Spirituality with meditation: Spirituality in healthcare

Posted by admin on Jul 6, 2008 in UncategorizedNo comments

In meditation, it is helpful to be aware of “the witness.” Many experts agree that meditation is great for health thus meditation spirituality can be a boon to health care. The witness is the part of you that looks out through your eyes during your waking life, which observes your dreams and which observes your meditations. For example, consider what you mean if you say to yourself during meditation, “I see pulsing blue light.” Blue light is the object of that sentence. It is what “I” sees. But what is “I”? Think carefully. “I see” obviously has nothing to do with your eyes, which are closed. “I” does not mean your physical body, which is not functioning in a waking state. Yet, there is an “I” that is observing the meditation. That “I” has no obvious location. It has no obvious substance at all. Yet it sees. It witnesses. It may be called “the witness.”

In waking life, the witness is also present. It can see your troubles and your triumphs, not as the “subject” but as the observer. Thus, it can see life as a play being enacted for it. Life can become a play of consciousness — all the world’s a stage and we are merely actors. From that perspective, even the high drama of our life can have an interest to it beyond the seriousness that usually weighs us down. We can choose to see the entertaining side of the “high drama” of our life. We can become “light” about the circumstances of our life and see the humorous aspects and the helpful lessons, even of our tragedies. For us, life can become more of a dance. We can flow with it and experience ourselves as participants in the dance of life.

Meditation can bring us closer to God, providing access to the grace of being born again. It has many profound effects, including: relaxation, simplification of life, ease in making choices, increased openness to unexpected and creative ideas, increased self-esteem, patience, increased orderliness, a reduced need to control events and other people, reflectiveness and flexibility, an increased ability to love, greater appreciation of life, and more aliveness.

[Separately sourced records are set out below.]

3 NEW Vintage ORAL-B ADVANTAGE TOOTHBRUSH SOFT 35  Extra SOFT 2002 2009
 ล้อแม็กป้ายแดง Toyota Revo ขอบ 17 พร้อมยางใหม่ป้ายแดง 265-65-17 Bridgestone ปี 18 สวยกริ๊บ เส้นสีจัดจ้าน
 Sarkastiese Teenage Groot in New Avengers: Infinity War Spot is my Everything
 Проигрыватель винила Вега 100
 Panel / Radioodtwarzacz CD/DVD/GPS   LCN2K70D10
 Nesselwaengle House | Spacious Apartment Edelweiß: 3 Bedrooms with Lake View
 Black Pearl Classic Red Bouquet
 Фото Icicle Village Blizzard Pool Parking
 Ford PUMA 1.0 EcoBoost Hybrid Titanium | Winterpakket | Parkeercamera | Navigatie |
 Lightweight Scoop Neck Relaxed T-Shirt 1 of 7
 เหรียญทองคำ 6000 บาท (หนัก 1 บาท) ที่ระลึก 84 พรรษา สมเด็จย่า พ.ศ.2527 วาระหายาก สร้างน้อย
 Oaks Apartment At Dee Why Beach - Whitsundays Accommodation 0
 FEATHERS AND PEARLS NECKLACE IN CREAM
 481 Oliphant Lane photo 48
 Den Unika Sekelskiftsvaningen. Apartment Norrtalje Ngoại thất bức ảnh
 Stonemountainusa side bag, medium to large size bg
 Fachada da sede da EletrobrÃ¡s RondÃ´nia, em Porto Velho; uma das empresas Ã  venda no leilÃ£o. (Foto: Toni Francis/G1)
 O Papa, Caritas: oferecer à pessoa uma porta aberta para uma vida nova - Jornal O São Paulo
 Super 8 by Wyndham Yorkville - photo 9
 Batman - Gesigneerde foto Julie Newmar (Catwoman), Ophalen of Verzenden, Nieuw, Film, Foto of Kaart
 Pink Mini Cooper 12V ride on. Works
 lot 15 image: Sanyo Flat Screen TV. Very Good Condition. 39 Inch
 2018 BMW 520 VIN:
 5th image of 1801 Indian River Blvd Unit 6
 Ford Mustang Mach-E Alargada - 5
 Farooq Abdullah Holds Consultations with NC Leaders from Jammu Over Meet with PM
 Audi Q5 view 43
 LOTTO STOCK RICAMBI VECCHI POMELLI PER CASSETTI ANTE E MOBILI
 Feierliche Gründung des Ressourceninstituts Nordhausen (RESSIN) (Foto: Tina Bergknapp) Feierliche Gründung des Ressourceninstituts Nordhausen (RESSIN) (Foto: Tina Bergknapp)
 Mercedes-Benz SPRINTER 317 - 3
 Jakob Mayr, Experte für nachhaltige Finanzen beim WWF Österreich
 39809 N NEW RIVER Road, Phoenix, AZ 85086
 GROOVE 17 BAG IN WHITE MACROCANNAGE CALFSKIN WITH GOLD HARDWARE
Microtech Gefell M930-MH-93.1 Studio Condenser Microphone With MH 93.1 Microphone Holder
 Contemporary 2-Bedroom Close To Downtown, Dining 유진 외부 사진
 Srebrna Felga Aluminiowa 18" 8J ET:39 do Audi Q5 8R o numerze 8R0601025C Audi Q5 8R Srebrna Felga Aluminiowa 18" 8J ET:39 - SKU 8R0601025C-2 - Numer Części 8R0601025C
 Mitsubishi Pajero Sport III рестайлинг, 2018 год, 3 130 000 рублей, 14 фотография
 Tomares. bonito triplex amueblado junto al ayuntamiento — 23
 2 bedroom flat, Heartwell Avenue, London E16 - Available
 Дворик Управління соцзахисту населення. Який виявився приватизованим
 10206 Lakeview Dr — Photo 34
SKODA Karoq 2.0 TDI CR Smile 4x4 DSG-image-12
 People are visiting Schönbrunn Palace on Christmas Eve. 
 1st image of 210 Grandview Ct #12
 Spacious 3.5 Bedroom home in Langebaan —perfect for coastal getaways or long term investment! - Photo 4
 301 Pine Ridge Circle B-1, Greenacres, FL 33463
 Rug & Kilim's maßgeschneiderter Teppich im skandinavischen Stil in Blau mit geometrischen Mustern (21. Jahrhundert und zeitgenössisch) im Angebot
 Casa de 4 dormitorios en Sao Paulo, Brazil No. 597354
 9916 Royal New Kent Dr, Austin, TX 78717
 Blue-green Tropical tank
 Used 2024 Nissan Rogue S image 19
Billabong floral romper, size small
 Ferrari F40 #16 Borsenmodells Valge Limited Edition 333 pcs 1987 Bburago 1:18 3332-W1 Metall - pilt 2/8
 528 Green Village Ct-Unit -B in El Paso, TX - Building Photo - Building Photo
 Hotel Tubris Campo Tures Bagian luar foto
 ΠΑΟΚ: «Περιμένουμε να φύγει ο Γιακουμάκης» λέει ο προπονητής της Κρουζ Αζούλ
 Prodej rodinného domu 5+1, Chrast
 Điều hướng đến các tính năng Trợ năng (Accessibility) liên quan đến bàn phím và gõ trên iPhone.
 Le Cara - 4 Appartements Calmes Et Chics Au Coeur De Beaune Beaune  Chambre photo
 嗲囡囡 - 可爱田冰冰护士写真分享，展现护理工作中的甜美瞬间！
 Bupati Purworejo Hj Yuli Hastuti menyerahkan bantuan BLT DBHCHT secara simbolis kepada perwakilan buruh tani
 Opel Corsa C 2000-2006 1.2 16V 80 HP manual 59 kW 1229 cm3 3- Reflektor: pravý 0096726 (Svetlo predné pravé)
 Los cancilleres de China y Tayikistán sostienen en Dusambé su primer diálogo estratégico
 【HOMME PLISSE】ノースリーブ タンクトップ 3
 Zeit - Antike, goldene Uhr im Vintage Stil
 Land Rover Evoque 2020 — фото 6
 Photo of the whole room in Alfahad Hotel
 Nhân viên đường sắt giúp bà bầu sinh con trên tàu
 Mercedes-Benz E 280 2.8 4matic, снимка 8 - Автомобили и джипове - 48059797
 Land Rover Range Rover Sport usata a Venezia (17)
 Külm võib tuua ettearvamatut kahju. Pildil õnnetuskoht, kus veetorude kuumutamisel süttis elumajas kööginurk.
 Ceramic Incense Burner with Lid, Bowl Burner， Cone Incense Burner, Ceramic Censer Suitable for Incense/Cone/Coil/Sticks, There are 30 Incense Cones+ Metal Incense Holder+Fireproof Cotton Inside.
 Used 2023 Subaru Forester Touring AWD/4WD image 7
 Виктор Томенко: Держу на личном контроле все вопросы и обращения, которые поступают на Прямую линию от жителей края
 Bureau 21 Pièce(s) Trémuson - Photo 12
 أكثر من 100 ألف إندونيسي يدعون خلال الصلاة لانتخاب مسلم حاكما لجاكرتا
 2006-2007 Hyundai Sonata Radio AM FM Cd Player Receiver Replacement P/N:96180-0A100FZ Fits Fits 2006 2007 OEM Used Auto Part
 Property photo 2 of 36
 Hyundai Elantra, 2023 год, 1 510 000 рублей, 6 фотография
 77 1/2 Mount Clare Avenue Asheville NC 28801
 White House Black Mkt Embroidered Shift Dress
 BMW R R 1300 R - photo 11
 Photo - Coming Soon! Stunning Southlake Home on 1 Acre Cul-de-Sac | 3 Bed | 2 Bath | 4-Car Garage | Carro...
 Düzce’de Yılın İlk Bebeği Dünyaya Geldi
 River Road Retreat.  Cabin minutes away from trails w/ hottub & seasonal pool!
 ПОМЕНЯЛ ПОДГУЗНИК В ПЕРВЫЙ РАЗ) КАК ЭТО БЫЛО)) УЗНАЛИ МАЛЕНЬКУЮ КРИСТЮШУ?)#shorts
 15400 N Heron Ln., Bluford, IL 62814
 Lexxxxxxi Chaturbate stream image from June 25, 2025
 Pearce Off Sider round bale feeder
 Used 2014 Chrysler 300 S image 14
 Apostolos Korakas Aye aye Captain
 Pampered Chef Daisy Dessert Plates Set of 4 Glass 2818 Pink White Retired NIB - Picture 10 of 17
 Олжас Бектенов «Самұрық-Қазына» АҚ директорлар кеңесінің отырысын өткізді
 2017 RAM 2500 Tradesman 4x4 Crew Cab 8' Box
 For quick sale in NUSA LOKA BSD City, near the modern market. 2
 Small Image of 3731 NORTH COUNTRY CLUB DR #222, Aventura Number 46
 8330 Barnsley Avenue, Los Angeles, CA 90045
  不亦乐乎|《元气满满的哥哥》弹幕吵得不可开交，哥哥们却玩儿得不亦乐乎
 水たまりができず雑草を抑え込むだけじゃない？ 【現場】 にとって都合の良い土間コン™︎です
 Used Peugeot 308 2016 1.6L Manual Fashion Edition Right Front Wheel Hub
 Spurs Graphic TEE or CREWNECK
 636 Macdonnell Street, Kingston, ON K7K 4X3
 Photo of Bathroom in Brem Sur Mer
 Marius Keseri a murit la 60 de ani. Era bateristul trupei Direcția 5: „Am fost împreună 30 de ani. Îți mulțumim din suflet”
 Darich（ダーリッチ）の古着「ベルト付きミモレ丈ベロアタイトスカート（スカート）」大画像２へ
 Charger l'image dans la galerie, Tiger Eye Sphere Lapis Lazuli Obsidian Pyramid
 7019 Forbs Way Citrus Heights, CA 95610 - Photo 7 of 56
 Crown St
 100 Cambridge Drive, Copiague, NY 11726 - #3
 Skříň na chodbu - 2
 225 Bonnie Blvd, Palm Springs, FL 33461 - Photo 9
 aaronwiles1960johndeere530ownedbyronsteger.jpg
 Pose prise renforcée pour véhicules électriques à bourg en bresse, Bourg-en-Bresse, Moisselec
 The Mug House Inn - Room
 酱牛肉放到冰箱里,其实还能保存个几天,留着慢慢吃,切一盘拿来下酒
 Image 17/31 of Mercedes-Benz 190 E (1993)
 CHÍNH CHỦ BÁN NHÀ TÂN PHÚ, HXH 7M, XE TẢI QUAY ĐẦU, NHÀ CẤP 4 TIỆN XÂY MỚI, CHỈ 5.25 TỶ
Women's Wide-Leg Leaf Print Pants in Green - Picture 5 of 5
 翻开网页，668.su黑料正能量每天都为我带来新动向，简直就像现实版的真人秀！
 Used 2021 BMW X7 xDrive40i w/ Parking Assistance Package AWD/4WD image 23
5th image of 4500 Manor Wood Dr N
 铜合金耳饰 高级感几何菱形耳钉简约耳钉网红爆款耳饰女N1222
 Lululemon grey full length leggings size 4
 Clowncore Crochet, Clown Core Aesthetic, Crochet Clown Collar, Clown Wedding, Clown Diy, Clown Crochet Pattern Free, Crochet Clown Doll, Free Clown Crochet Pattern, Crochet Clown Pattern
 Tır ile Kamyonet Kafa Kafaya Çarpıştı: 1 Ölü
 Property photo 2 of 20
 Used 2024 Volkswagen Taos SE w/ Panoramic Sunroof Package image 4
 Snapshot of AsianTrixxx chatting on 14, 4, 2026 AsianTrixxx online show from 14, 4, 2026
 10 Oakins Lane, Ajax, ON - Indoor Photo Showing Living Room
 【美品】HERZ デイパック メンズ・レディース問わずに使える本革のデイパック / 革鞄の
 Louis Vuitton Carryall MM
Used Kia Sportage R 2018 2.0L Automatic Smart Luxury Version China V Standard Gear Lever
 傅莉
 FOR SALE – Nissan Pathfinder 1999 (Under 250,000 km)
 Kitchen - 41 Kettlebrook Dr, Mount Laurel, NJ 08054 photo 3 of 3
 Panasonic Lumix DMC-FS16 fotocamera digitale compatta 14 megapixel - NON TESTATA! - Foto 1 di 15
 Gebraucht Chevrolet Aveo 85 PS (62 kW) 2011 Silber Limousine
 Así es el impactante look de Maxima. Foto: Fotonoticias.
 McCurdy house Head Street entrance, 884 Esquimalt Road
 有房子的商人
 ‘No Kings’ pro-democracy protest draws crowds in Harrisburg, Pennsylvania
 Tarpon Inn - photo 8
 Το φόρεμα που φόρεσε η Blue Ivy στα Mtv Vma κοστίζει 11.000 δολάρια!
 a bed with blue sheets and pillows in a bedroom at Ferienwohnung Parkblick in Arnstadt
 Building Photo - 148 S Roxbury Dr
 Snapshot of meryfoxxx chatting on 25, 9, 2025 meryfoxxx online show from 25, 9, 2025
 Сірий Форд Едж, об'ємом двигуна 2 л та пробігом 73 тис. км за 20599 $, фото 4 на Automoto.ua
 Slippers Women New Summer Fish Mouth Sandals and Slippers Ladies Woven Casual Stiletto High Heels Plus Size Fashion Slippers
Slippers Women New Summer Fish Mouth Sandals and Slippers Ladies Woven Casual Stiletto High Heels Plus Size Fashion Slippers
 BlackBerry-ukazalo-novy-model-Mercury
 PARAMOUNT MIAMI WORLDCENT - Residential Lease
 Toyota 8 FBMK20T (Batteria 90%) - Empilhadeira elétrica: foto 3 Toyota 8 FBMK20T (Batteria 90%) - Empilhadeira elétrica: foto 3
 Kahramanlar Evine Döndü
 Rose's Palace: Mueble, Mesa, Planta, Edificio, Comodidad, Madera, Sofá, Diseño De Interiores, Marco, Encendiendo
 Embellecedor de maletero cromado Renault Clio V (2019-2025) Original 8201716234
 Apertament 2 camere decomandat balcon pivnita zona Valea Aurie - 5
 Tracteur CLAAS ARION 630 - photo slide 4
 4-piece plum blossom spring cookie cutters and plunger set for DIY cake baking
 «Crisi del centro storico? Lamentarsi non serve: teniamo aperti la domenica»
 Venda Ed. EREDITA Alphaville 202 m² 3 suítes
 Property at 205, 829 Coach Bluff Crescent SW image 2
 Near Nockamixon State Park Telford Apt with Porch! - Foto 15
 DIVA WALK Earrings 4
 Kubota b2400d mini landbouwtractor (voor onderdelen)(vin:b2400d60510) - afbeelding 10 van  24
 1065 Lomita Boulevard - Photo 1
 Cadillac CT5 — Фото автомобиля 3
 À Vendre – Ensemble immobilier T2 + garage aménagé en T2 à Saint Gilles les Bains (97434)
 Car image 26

It makes life more dynamic and more interesting and it attracts other people and new opportunities to us.

The experience of meditation may at first be boring. Often your ideas will continue racing through your head, producing the same pattern of thinking you are already sick of. But be patient. With practice, the space between the thoughts lengthens. You may become more aware of a still, quiet space that has always been within you, undiscovered. You may even reach a point in your meditation where the thoughts subside completely for a while.

Keep practicing meditation with patience. Know that if you are following the meditation directions, you are doing it right. Your meditation will never be wrong. It will always be precisely what you need at that time. In that sense, it is always perfect.

With practice, some of the things you may experience during meditation are: spontaneous vibrations, visions of beautiful colors that may not be seen in waking life, beautiful lights, auditory experiences (unstruck sounds), dream-like visions (some of which carry important insights with them and some of which may take you to worlds other than the physical world you live in), a new depth of stillness in the body, a feeling of warmth and relaxation in the heart area, spontaneous movements of the body, crying or laughing, the making of spontaneous sounds, moving into body positions you have never before experienced (spontaneous hatha yoga), feeling a desire to move as if you are being directed, the experience of deep bliss and peace, the melting of unwanted emotional feelings and the release of tightness in muscles.